A embaixada da Rússia nos Estados Unidos condenou a nova diretriz da Meta e exigiu que o governo de Joe Biden interfira e pare o que chamou de “atividades extremistas” da empresa de redes sociais. Via Reuters (2) (em inglês).

Começa a valer nesta quinta (10) a obrigatoriedade do prefixo 0303 para ligações e mensagens de texto (SMS) de telemarketing ativo, ou seja, prática de oferta de produtos ou serviços por meio de ligações ou mensagens telefônicas, previamente gravadas ou não. Via Agência Brasil.

O iMovie, editor de vídeos super simples da Apple, ganhará dois novos recursos em abril: Magic Movie e Storyboards. O primeiro lembra muito as Memórias do Fotos, presente desde o iOS 10. Ele meio que monta o vídeo automaticamente a partir de vídeos e fotos carregados no projeto. No Fotos, é um negócio mágico. Demorou para aparecer no iMovie, onde ele parece ser mais poderoso, com 20 opções de estilos de vídeo.

Stodyboards são modelos de tipos de vídeos para auxiliar a produção pelo usuário. Parece uma variação mais manual do Magic Movie.

Apesar da boa novidade, não foi desta vez que o iMovie ganhou uma opção de GC (gerador de caracteres) livre. É algo básico, mas ausente no aplicativo e de maneira alguma suficiente para fazer alguém pagar R$ 1,7 mil no Final Cut Pro, o “iMovie Pro” da Apple. Via Apple, Apple Insider (em inglês).
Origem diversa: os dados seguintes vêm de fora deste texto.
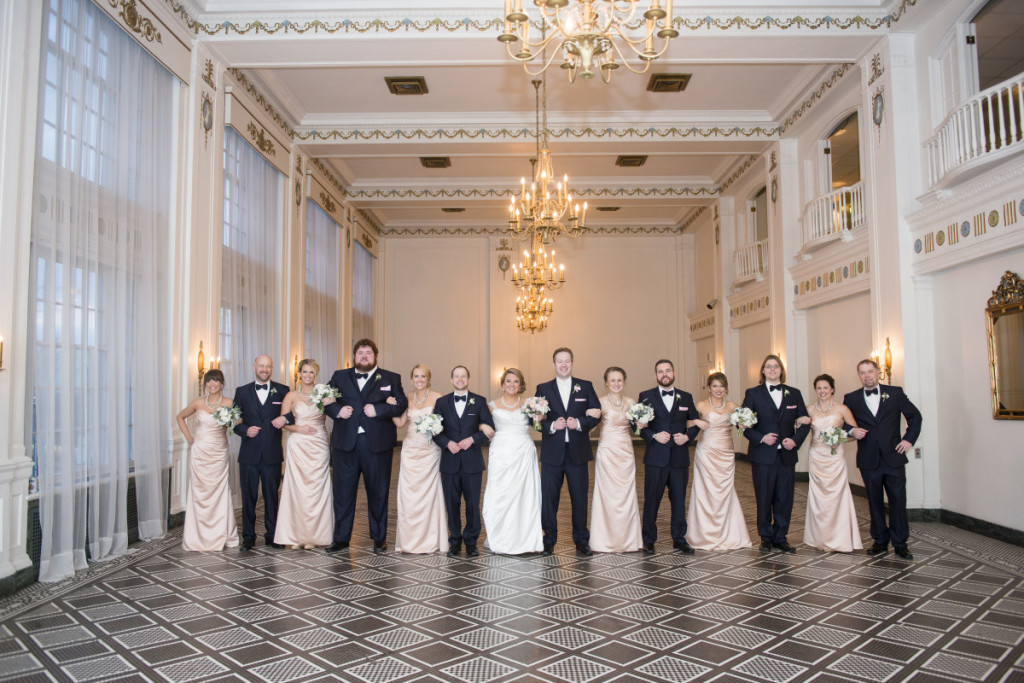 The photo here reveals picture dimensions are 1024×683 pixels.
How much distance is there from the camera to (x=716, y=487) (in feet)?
22.0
O TikTok lançou uma distribuidora de música digital, a SoundOn. Por ela, músicos podem distribuir seu trabalho nas plataformas da ByteDance — o próprio TikTok, o streaming de música Resso e o aplicativo de edição de vídeo CapCut —, além de plataformas rivais populares, como Spotify, Apple Music e Deezer.

Nas plataformas da ByteDance, os músicos recebem 100% dos royalties. Nas rivais/de terceiros, o repasse é de 100% no primeiro ano e 90% depois.
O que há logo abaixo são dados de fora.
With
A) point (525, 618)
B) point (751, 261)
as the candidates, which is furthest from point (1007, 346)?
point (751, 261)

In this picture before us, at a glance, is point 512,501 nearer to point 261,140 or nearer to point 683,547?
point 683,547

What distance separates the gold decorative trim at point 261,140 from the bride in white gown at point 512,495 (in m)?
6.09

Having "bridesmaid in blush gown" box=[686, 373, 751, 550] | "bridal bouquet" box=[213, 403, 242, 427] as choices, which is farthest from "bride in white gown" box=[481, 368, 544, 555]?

Além de cuidar da burocracia da distribuição, a SoundOn promete colocar as músicas dos seus representados à disposição da audiência gigantesca do TikTok e do seu poder de viralização. A proposta tem mais apelo junto a músicos novatos.
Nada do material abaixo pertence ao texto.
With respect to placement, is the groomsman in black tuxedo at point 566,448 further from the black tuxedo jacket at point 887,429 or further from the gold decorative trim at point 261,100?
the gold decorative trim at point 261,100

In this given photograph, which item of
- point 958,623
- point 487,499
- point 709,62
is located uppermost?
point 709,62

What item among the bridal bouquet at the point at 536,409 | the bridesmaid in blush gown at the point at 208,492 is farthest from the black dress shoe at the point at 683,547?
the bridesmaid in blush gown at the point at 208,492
A SoundOn está disponível no Brasil, Estados Unidos, Indonésia e Reino Unido. Via TechCrunch (em inglês).

Já faz alguns anos que os grupos são o motor de crescimento (ou o que sustenta a relevância) do Facebook. Nesta quarta (9), a Meta lançou novas ferramentas para ajudar os administradores de grupos a fazerem seu trabalho.

A mais interessante é uma opção que, se ativada, rejeita automaticamente publicações dos membros “identificadas como portadoras de informações falsas” pelas agências de checagem de fatos parceiras da Meta. Com isso, a empresa espera reduzir a disseminação de desinformação nos grupos. Via Meta.